And we’re seeing some of those people during the pandemic get caught with their boat down. The other thing about when you buy the boat or you buy the Ferrari or you buy the luxury good, all of a sudden you got to get out on your boat, which, by the way, is fun. I’m all for experiences and having a great time, having a great lifestyle. But again, if that boat is pulling you away from all of a sudden building your business, you’re not quite ready to be taken away from your business because that’s the way you got the damn boat in the first place. Be a little bit difficult. Lifestyle creep isn’t just about the money you spend on the boat, it’s the time that you suddenly spend on the boat. Then what do you do on the boat? Maybe you drink too many beers and it’s Sunday and now we wake up on Monday and we’re not quite ready to go and get our week going. This is all part of lifestyle creeps. Anyway, in a nutshell, how do they do it? Amazon, again, I’ll just give you the poster boy and the most successful of all time.

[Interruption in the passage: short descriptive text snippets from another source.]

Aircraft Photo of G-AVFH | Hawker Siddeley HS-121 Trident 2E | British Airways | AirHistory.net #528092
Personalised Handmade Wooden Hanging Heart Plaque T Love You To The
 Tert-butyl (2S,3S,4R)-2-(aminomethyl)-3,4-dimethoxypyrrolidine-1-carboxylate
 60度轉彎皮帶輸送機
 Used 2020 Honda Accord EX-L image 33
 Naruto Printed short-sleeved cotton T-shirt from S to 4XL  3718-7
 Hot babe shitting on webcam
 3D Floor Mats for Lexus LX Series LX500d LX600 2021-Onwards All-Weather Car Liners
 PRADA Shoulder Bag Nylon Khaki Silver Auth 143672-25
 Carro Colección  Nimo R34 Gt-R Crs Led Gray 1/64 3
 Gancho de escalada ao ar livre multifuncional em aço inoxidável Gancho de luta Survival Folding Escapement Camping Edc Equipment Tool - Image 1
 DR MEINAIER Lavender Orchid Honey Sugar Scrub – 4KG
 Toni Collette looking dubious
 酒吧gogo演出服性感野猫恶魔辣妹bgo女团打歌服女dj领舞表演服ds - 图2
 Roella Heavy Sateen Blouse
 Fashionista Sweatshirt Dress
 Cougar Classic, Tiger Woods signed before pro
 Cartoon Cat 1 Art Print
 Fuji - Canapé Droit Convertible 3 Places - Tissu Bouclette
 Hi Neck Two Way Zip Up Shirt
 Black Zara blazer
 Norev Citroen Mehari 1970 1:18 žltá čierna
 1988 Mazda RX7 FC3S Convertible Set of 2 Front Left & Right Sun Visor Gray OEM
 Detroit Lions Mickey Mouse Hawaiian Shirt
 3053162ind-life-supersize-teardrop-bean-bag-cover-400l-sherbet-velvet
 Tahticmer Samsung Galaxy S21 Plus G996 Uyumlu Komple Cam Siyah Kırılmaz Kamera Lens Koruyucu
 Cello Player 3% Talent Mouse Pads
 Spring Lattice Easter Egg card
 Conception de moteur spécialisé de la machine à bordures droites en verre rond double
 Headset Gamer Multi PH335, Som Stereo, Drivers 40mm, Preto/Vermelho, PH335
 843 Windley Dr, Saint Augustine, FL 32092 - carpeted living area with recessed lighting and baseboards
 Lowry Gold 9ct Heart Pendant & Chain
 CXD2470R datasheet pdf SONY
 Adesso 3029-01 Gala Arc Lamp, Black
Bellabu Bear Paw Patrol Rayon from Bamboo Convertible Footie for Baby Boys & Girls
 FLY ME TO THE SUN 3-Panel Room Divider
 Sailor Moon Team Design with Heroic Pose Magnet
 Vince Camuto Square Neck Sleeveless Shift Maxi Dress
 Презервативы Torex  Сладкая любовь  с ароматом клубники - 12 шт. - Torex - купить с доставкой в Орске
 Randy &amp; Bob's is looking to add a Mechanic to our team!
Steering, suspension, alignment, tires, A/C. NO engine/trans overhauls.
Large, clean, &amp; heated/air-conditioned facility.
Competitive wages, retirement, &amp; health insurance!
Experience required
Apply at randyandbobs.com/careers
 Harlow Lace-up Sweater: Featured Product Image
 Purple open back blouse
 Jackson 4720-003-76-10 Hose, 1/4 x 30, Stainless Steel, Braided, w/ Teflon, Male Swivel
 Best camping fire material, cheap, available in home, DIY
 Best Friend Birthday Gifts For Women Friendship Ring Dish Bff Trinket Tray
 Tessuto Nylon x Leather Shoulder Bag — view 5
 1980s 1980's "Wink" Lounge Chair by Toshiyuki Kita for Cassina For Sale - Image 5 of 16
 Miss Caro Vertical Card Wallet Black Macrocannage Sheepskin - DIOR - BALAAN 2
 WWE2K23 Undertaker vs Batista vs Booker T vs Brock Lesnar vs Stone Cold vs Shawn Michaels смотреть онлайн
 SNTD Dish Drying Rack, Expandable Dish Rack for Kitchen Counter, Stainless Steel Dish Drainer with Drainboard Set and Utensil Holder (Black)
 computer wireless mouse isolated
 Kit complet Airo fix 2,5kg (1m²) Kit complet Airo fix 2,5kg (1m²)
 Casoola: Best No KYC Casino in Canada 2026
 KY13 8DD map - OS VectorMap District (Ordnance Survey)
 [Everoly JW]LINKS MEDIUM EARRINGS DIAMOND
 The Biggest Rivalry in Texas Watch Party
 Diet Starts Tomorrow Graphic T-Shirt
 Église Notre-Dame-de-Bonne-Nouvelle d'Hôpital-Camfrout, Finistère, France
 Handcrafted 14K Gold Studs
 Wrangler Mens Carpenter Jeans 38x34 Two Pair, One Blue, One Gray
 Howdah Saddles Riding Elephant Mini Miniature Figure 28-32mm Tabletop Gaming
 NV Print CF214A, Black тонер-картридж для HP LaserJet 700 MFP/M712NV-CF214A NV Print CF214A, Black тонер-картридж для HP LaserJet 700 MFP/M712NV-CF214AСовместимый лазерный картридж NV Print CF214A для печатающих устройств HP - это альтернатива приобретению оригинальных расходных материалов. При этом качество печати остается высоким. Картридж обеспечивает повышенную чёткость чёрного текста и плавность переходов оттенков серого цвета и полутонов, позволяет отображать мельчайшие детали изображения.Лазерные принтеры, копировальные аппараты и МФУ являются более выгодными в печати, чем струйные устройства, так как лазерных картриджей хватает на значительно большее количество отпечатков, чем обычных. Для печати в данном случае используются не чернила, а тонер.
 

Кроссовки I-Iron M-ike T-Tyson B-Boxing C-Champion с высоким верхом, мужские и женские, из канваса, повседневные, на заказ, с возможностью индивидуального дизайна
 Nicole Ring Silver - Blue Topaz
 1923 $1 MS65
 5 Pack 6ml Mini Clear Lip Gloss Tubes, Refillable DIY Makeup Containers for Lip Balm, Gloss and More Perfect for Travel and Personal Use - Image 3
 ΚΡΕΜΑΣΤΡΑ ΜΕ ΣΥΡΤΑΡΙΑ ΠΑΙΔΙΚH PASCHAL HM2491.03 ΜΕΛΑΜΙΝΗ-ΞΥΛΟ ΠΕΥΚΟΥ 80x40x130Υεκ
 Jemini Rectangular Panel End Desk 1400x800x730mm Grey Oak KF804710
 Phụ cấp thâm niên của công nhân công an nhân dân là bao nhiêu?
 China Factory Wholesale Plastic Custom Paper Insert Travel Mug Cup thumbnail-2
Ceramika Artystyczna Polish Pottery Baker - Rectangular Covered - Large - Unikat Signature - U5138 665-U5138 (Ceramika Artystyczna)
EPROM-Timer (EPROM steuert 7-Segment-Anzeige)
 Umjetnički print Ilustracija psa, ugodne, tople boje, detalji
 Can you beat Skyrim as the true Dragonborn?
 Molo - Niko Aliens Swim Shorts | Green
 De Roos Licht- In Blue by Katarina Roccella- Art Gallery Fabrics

[00:21:23.820] – Karl Bryan

They reinvest their profits back into the company to help it grow and they therefore pay little to no tax. I want you to think of your business as a child. You’ve got to feed it. You’ve got to feed it. Remember, the business coach goes from $100,000 to $200,000 and buys the BMW. I want you to go from $100,000 to $200,000 and then maintain your lifestyle. Take a little bit of an increase. Buy a new car or a newer car. Go on some holidays, take some experiences, but take 80 grand of the extra 100,000 and feed it back into your business by advertising, take on a staff member, feed it back the way that Amazon does. Most definitely stop and help others, as in your coaching clients, overvaluing cute websites, multiple streams of income funnels. Instead of learning that stuff, multiple streams of income and passive income, that I’ll let you guys decide whether or not you know somebody doing that successfully and you’ll be very… I’ve said this a million times and I’ll continue to say it. If you introduce me to somebody with multiple streams of income, I’ll introduce you to somebody with multiple streams of very average income.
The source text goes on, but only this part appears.